◆ Problem to solve ◆
Although the records contain pictures, only their text should be repeated, exactly as it stands.

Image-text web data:
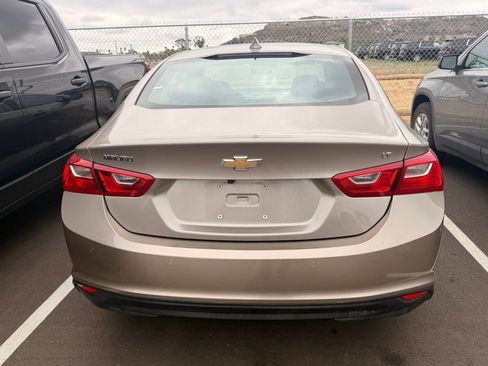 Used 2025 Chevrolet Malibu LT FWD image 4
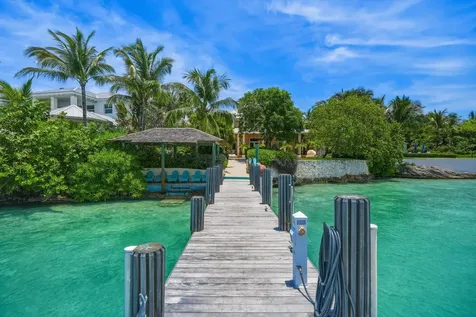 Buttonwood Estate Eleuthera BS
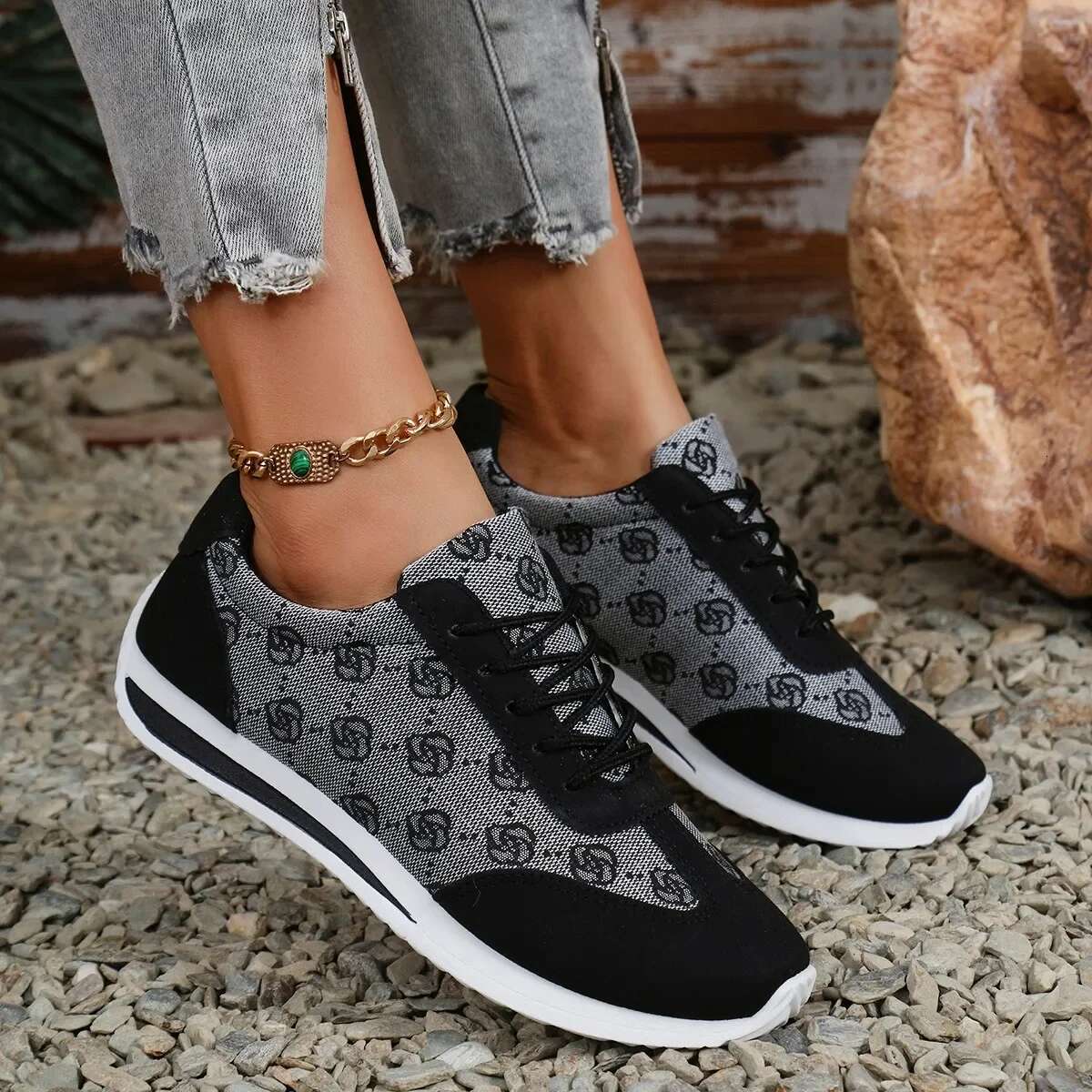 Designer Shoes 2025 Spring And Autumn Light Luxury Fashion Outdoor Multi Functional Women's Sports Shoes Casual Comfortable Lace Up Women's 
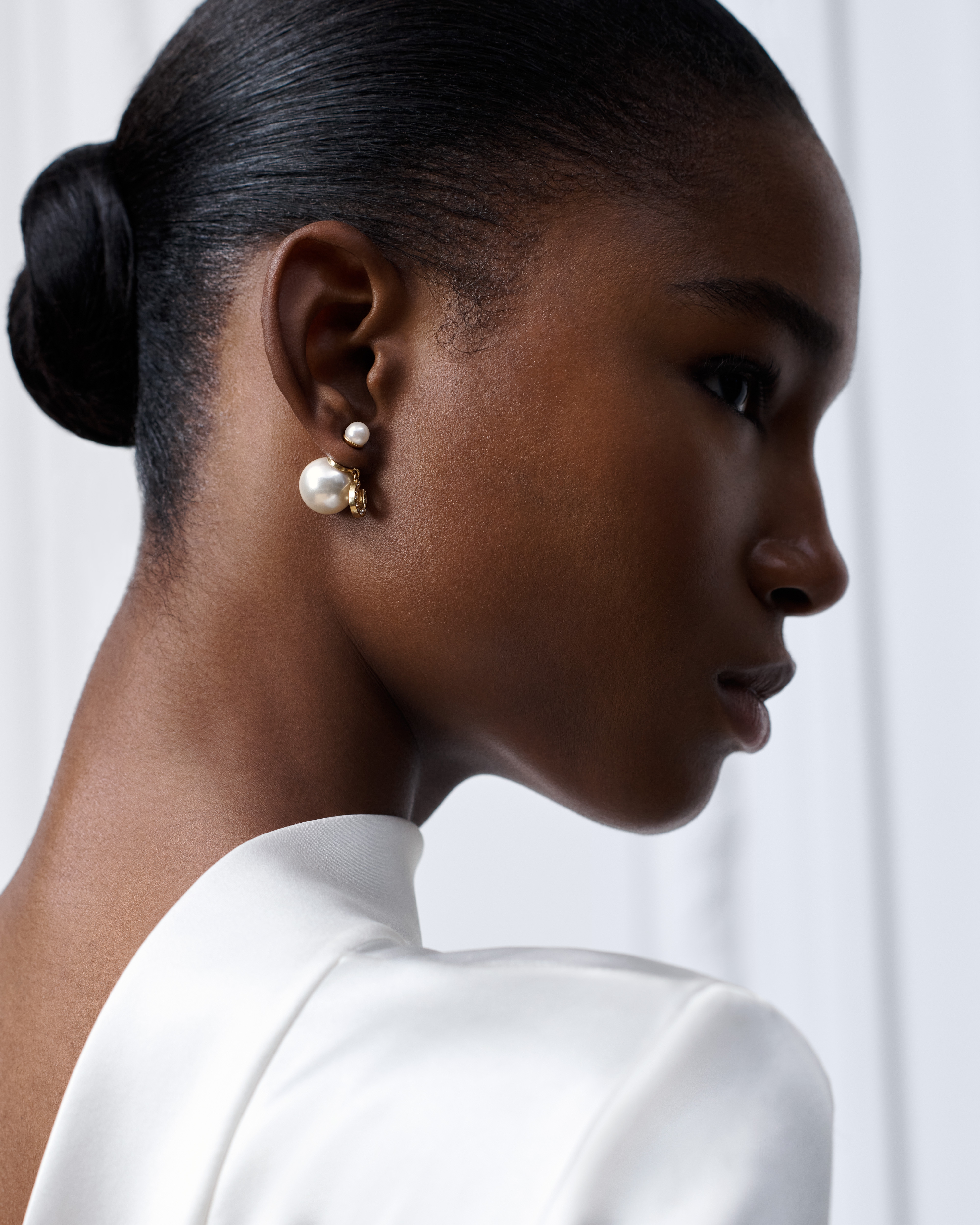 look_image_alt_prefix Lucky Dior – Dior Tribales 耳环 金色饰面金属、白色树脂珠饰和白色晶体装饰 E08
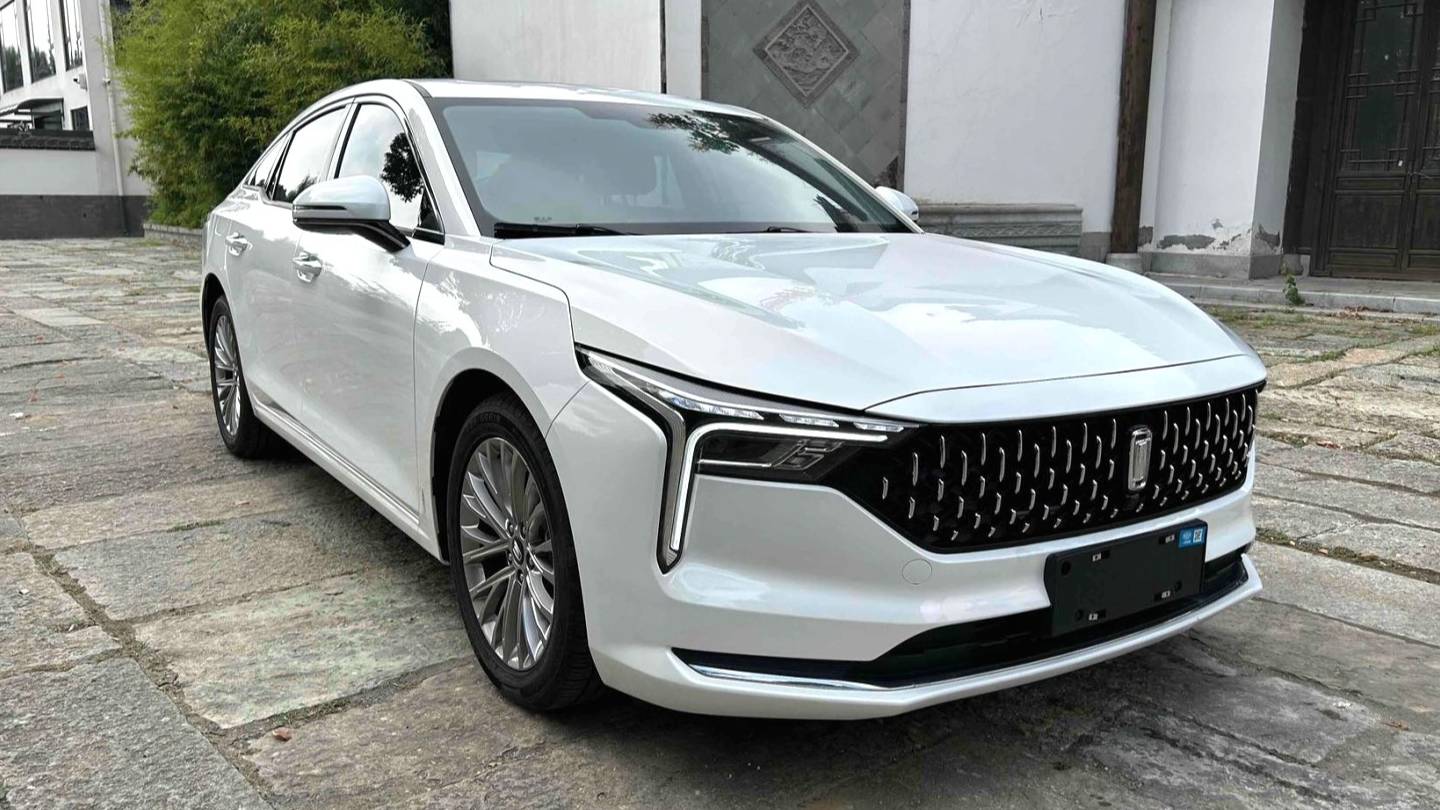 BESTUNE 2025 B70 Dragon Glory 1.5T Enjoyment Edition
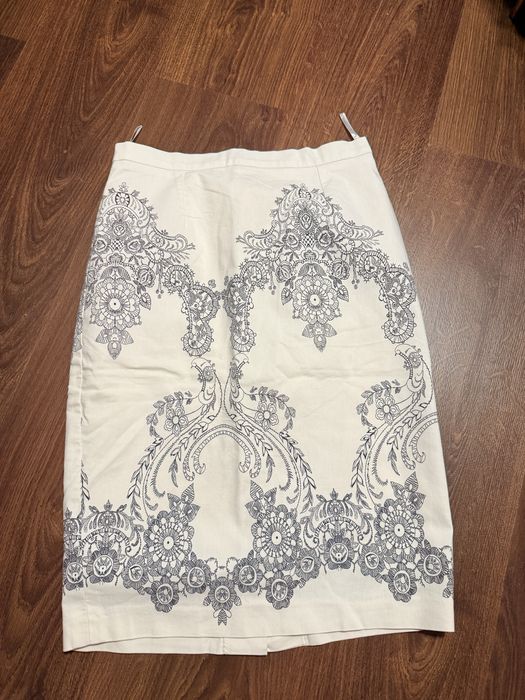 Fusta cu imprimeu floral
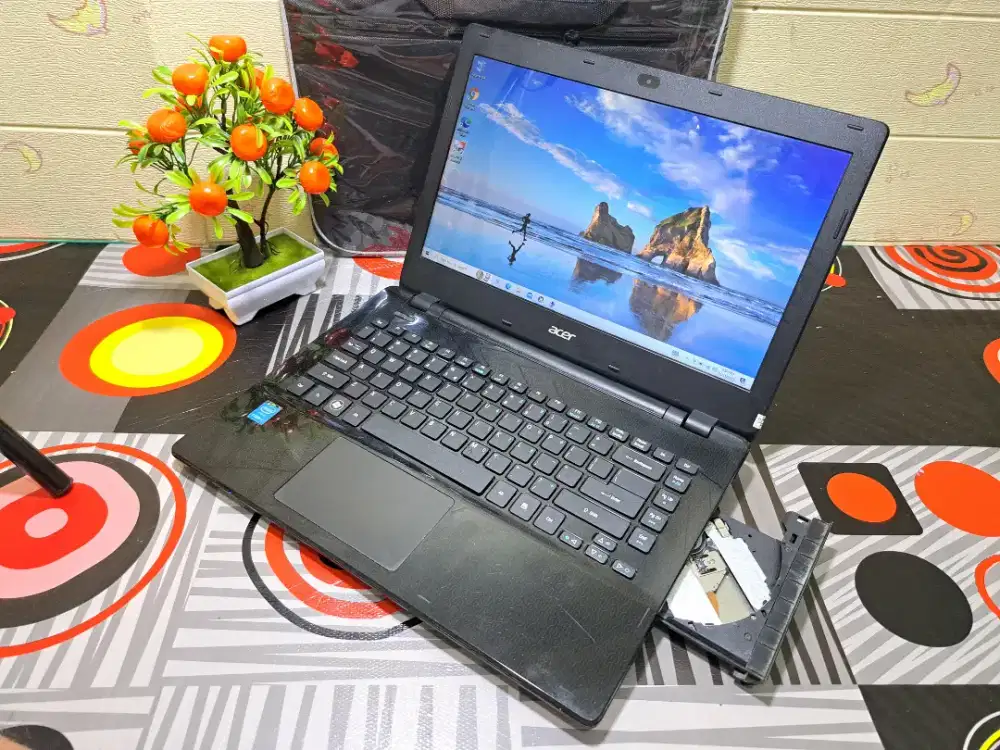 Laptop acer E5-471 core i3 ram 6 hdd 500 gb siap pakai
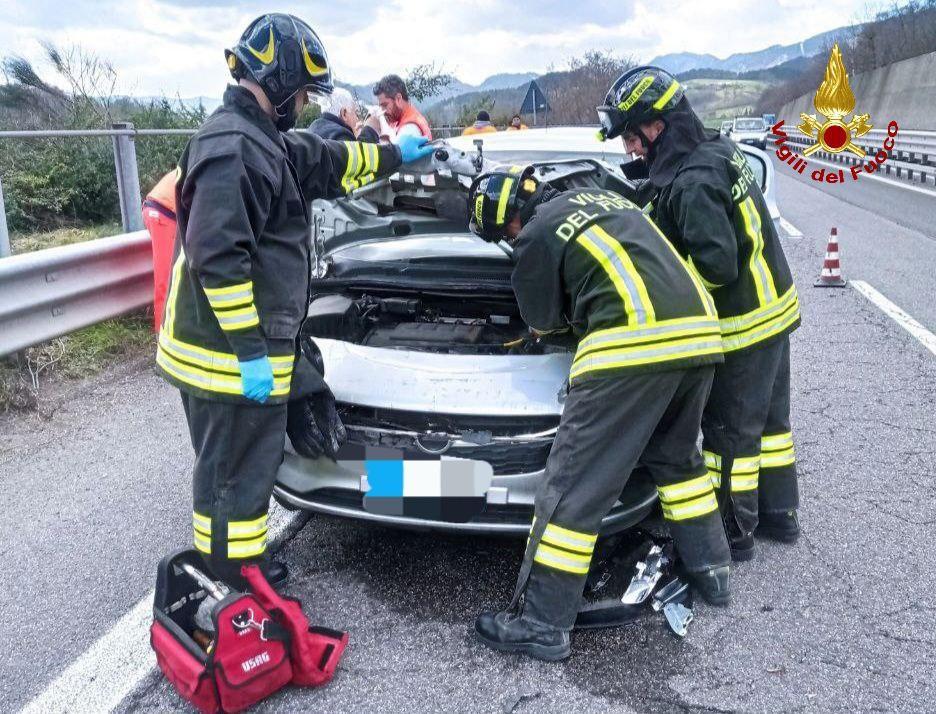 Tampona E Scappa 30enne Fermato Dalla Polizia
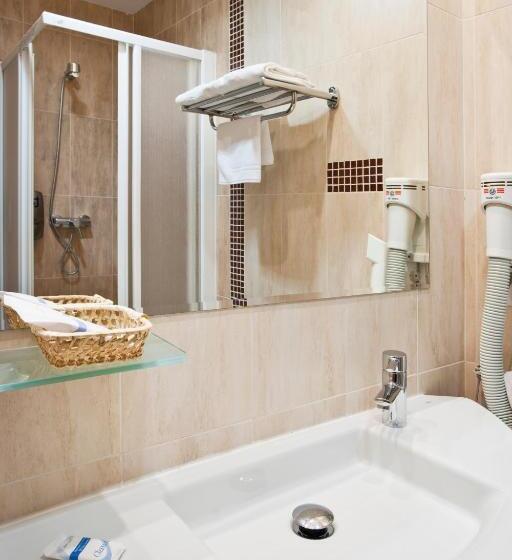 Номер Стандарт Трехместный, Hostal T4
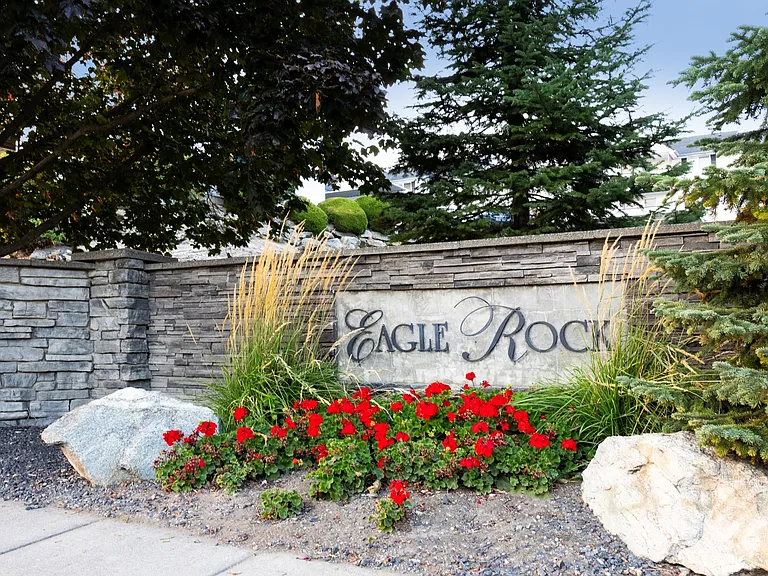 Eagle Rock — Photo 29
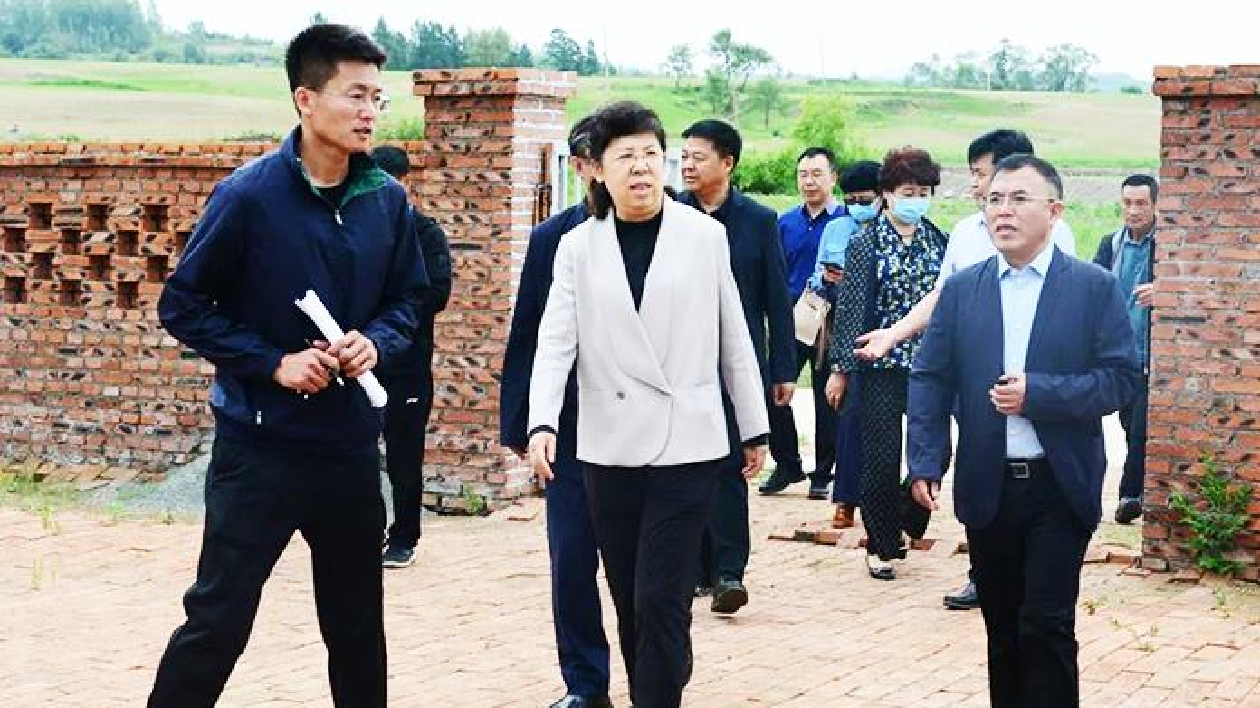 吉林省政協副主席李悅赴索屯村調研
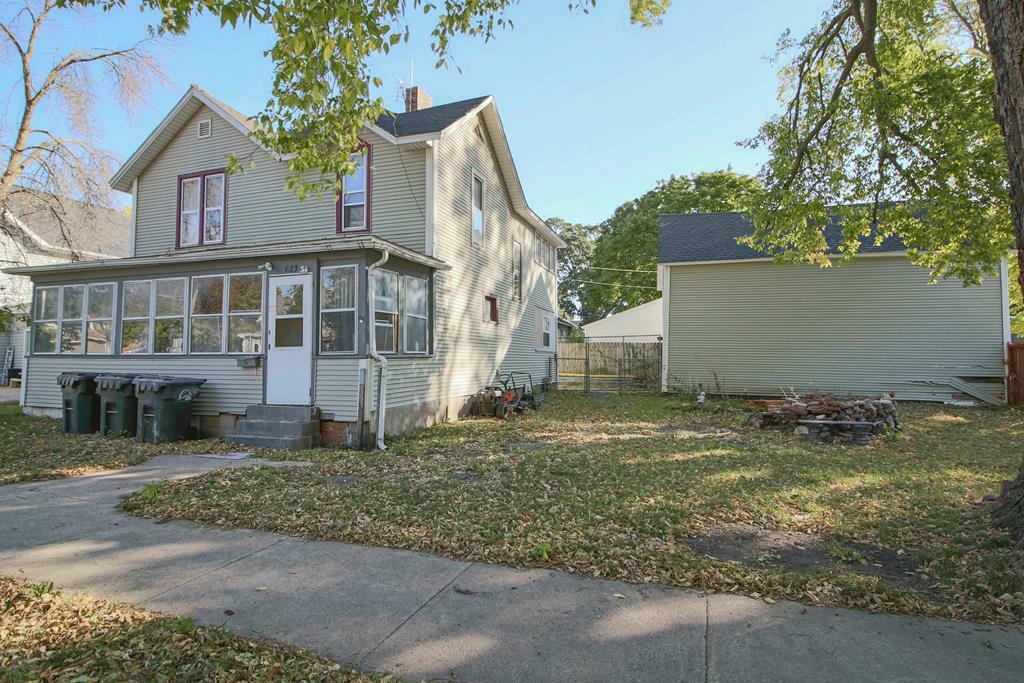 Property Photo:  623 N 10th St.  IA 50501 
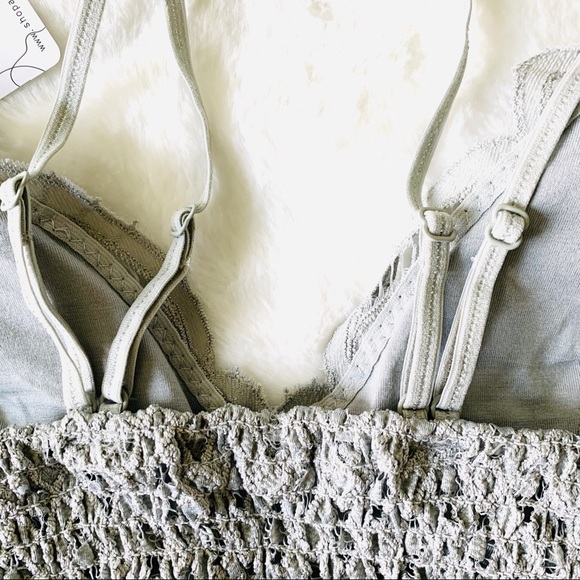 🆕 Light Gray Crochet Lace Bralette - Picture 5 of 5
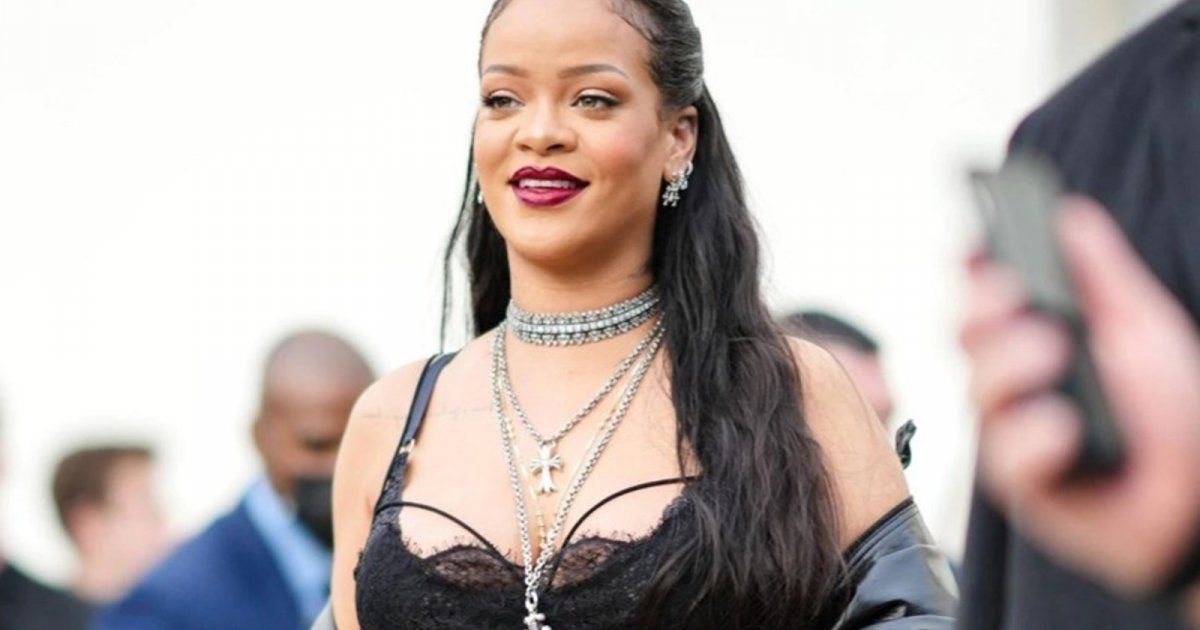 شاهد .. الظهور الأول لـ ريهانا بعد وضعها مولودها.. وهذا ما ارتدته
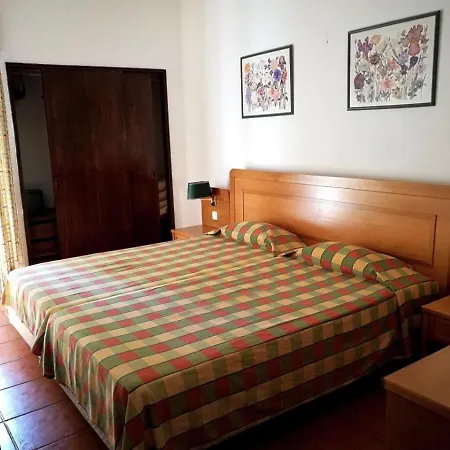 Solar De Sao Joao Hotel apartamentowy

◆ Your solution ◆
 Used 2025 Chevrolet Malibu LT FWD image 4
 Buttonwood Estate Eleuthera BS
 Designer Shoes 2025 Spring And Autumn Light Luxury Fashion Outdoor Multi Functional Women's Sports Shoes Casual Comfortable Lace Up Women's 
 look_image_alt_prefix Lucky Dior – Dior Tribales 耳环 金色饰面金属、白色树脂珠饰和白色晶体装饰 E08
 BESTUNE 2025 B70 Dragon Glory 1.5T Enjoyment Edition
 Fusta cu imprimeu floral
 Laptop acer E5-471 core i3 ram 6 hdd 500 gb siap pakai
 Tampona E Scappa 30enne Fermato Dalla Polizia
 Номер Стандарт Трехместный, Hostal T4
 Eagle Rock — Photo 29
 吉林省政協副主席李悅赴索屯村調研
 Property Photo:  623 N 10th St.  IA 50501 
 🆕 Light Gray Crochet Lace Bralette - Picture 5 of 5
 شاهد .. الظهور الأول لـ ريهانا بعد وضعها مولودها.. وهذا ما ارتدته
 Solar De Sao Joao Hotel apartamentowy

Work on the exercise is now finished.